There may be ways we can manipulate the timing of flush directly.  But to do that we need to understand how the plant regulates its own growth patterns.

Citrus trees have a different growth cycle than most common fruits.  Like many fruits, they flower in the spring and then fruit develops over the next several months.  Deciduous plants add vegetative growth (leaves and shoots) during a solid, extended period of the year.  Citrus plants grow in several cycles of vegetative flushes over the year.  The number and the size of these flushes depends on the environment.  In Florida there are 2-3 vegetative flushes per year.  Usually this begins with a flush in May, with later flushes in July and September or October.  These flushes become less coordinated from plant to plant in a grove as the year waxes on, with May flush being relatively concentrated and the late flush being very sporadic.

Citrus plants’ “distribution of wealth”

The plant has to balance the needs of the leaves for water and nutrients with the needs of fruits and roots for sugars.  This gets even more complicated when the plant has to send sugars to a new shoot to new flushes that will need to grow more than 1 cm in a day.  So the plant needs to to start flushing at just the right time so that its fruits and roots don’t starve.  It also needs to not start a new flush when the old one is not yet mature.  What researchers in the 1990s observed is that root growth stops when shoots are growing.

How do they do it?

We humans have the benefit of brains that coordinate all the different ends of our body, so that our heart beast the right amount for our feet to be able to run.  Plants don’t have benefit of brains, so they rely on chemical signals.  These signals can be molecules that move from roots to leaves or that accumulate in one part of the plant when the other part stops using that compound.  Most of these signals are called phytohormones, because their effects are very large compared their very small concentrations.  Growing shoots send out signals called auxins that keep other buds from growing so that there aren’t too many flushes.  Meanwhile, gibberelic acid and cytokinins coordinate between roots and shoots.
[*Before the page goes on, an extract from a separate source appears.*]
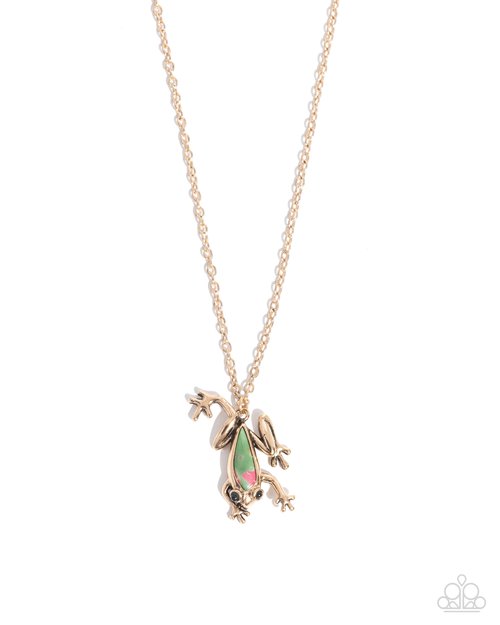 Flashy Tree Frog - Paparazzi Necklace Image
Not all of these dynamics have been completely explained in the case of citrus flush phenology, but we are gaining ground!

Why does it matter?

Knowing the “code” the roots, leaves, and shoots use to communicate, allows us to grab the microphone and give a few orders. Thus it may be possible to manage the flush timing, to decrease its sporadic nature and improve the efficacy of our pest management, ultimately getting healthier plants with greater yields.